In the early days, when she started to think about singing, it wasn’t necessarily global performers and global culture that was her focus – it was the music she was hearing on the radio.

“When I decided to be a singer, I listened to a lot of folk and rock music,” she said. “There was a lot of pop music. I grew up with the AM radio. My parents were not musicians or music fanatics, but the radio was always on and I could hear Sinatra, Nat King Cole, instrumental music. By late ’50s, you had early rock and roll and then I became a fanatic for Motown and the Beatles and the entire British Invasion.”

It didn’t hurt that she was from New York.

“I went to concerts all the time and had the ability to see major artists at Carnegie Hall, and got to see people in the little clubs,” she said. “Everybody had to play New York City. So, in my teen years I’d go to concerts and the opera. In college I’d go to the Vanguard every night. I saw Richie Havens and Peter Paul and Mary a bunch of times.”

But when it came to a career, she didn’t imagine herself on top of the world.

“I was the worker, not the dreamer,” she said. “I didn’t have the big dream to be a superstar. I was doing the day to day work that needed to be done. It was all a surprise to me.”

Part of that realistic approach has also been a reason for why the band has not fallen into similar traps that others have. There are no giant egos. In fact, a lot of people might not even recognize them on the street.

“The way we are recognizable is when the four of us are together,” she said. “We had our moments of huge popularity and they’ve come and gone. Things ebb and flow, and it’s a great lesson for everyone. But we’ve been together 40 years now. I guess the secret is that there are four lead singers and four background singers and it’s a real democracy in the band.”

It’s also helped that they cannot easily be labeled.

“We never wanted to label ourselves,” she said. “We never said we were pop, just that we were a vocal group, a harmony group that explores different facets of music. If you label yourself, then you become disposable.”

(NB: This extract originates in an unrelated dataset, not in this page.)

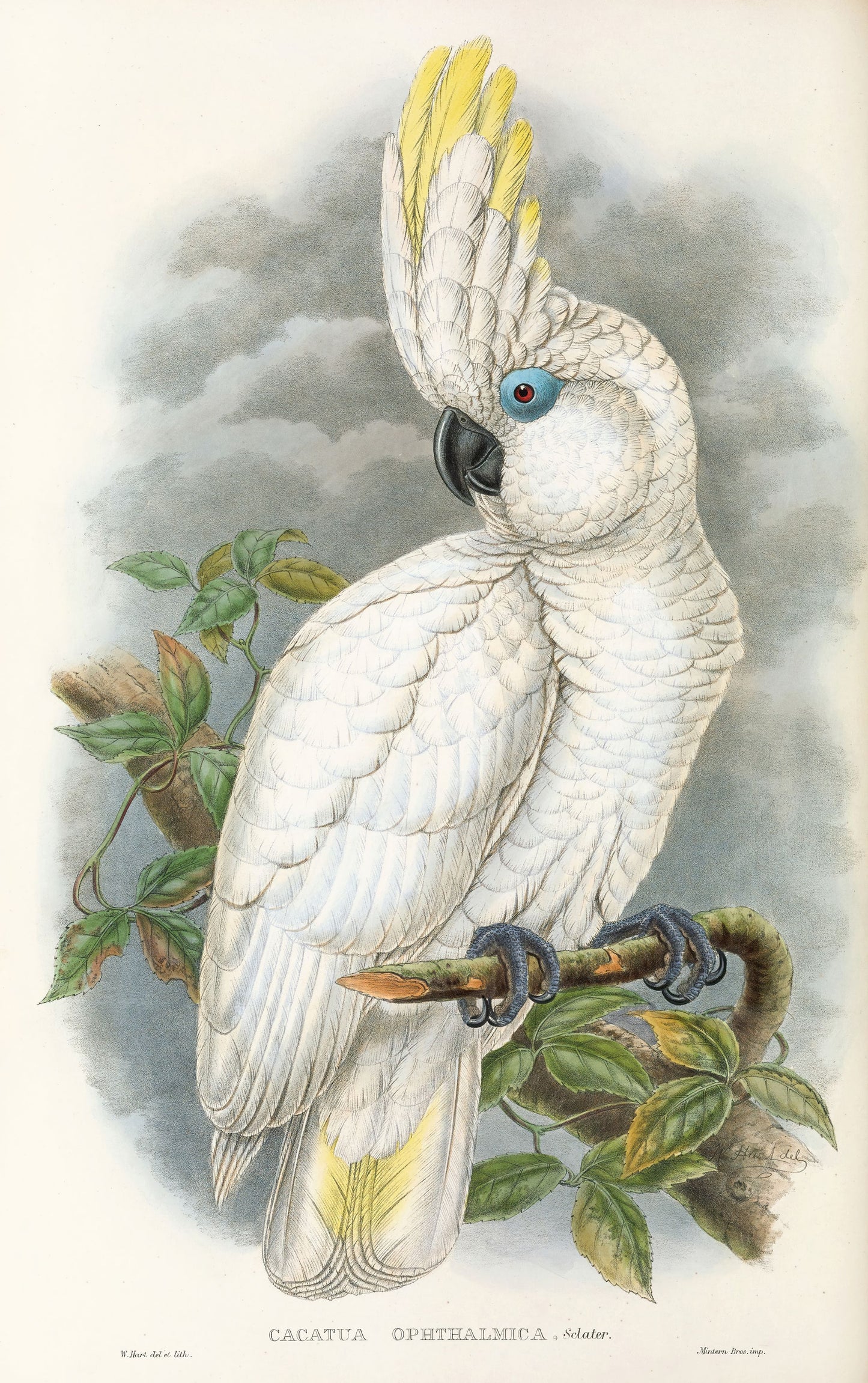 Illustration of a white cockatoo perched on a branch with leaves.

There’s also no doubt that Siegel is very versatile.

“I like singing jazz and pop, I really do,” she said. “Jazz is an art form that I’ve been getting deeper into. The richness of the repertoire and the mastery required. And I love pop music. The two and four back beat, and rhythm and blues. There’s nothing like a triad song.”

The same versatility exists when it comes to being in the studio or on stage.

“For me, singing on stage is a payoff for the hard work,” she said. “But I do honestly prefer the studio. I love that aspect. As far as live, I love the atmosphere of the small club because there’s no way you can hide and not be part of the atmosphere. As a soloist, I can do that.”

And for this show, the atmosphere is a a definite Big Band feel.

Backing her up will be the Elliot Deutsch band, a group of seventeen young musicians who have been dubbed by LA Jazz Scene as “the best New Jazz Orchestra in Southern California.”

“They are really a fantastic, dynamic band,” she said. “If you like Big Band music, you should come see the show.”

Note: This performance was re-scheduled from Dec. 30. All tickets purchased for that show will be honored at this show.